EmitenNews.com - Polresta Yogyakarta membongkar dugaan sindikat love scamming jaringan internasional yang beroperasi di Kabupaten Sleman, Daerah Istimewa Yogyakarta. Praktik penipuan berkedok asmara  itu terbongkar setelah operasi tangkap tangan di kantor PT Altair Trans Service di Jalan Gito Gati, Kecamatan Ngaglik, Kabupaten Sleman, pada Senin (5/1/2026) pukul 13.00 WIB.

Kepala Polresta Yogyakarta Komisaris Besar Polisi Eva Guna Pandia menjelaskan hal tersebut dalam konferensi pers di Mapolresta Yogyakarta, Rabu (7/1/2026).

"Kantor itu diduga digunakan sebagai tempat dugaan tindak pidana love scamming," ujar Kombes Eva Guna Pandia.

Dalam penggerebekan itu, polisi menyita empat kamera pengawas (CCTV), dua router WiFi, 30 unit telepon genggam, serta 50 unit laptop yang diduga digunakan sebagai sarana tindak pidana. Polisi juga menemukan berbagai foto serta video bermuatan pornografi.

Bersama barang bukti, polisi mengamankan 64 orang karyawan untuk menjalani pemeriksaan lebih lanjut di Mapolresta Yogyakarta. Dari hasil pemeriksaan itu, penyidik kemudian menetapkan enam orang sebagai tersangka.

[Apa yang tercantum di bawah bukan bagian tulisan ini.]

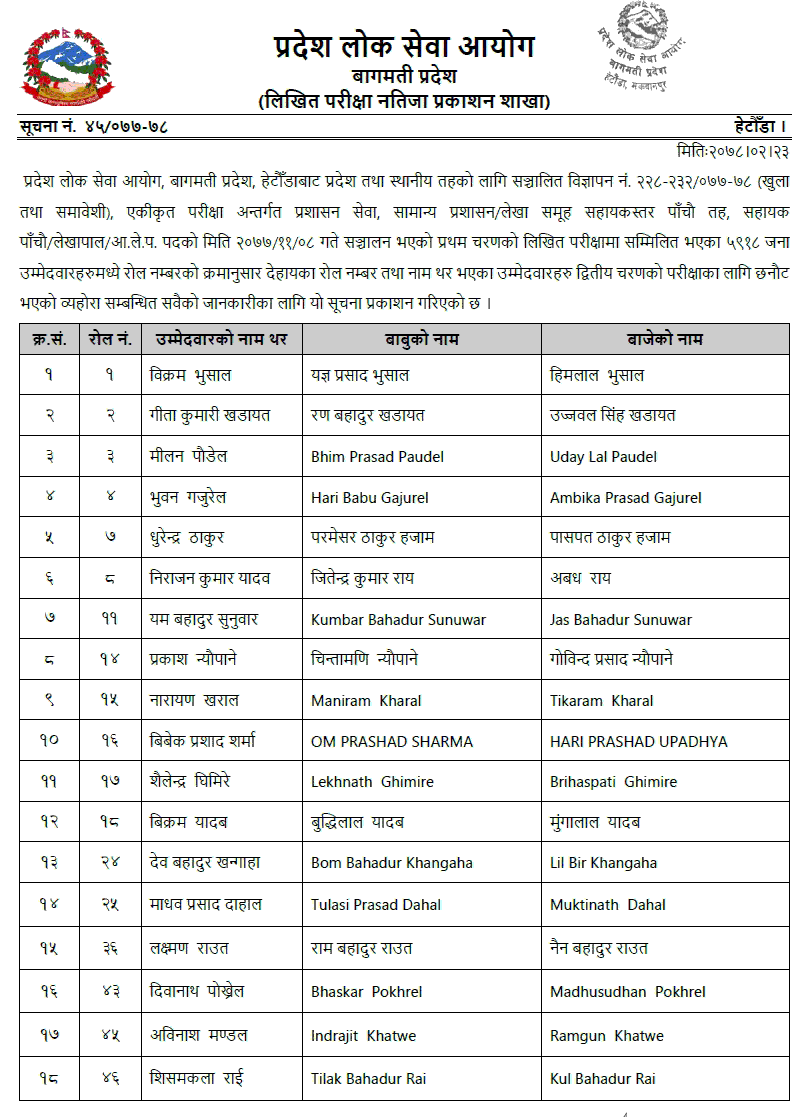 Bagmati Pradesh Lok Sewa Aayog Published Result of 5th Level Admin Assistant (First Paper)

Para tersangka masing-masing berinisial R (35) selaku CEO atau pemilik perusahaan, H (33) sebagai HRD, P (28) dan M (28) sebagai project manager, serta V (28) dan G (22) sebagai team leader.

Altair Trans Service Cabang Yogyakarta diketahui merupakan perusahaan yang bergerak di bidang penyedia tenaga kerja sesuai permintaan klien atau pemilik aplikasi dari China.

Dalam operasinya, penipuan itu memanfaatkan aplikasi kencan daring yang merupakan aplikasi kloningan dari aplikasi asal China bernama WOW.

Para pegawai perusahaan itu dipekerjakan sebagai admin percakapan yang berperan sebagai perempuan menyesuaikan dengan negara asal korban atau pengguna.

Modusnya, mereka melakukan bujuk rayu agar pengguna aplikasi bersedia membeli koin atau top up guna mengirim gift yang tersedia dalam aplikasi.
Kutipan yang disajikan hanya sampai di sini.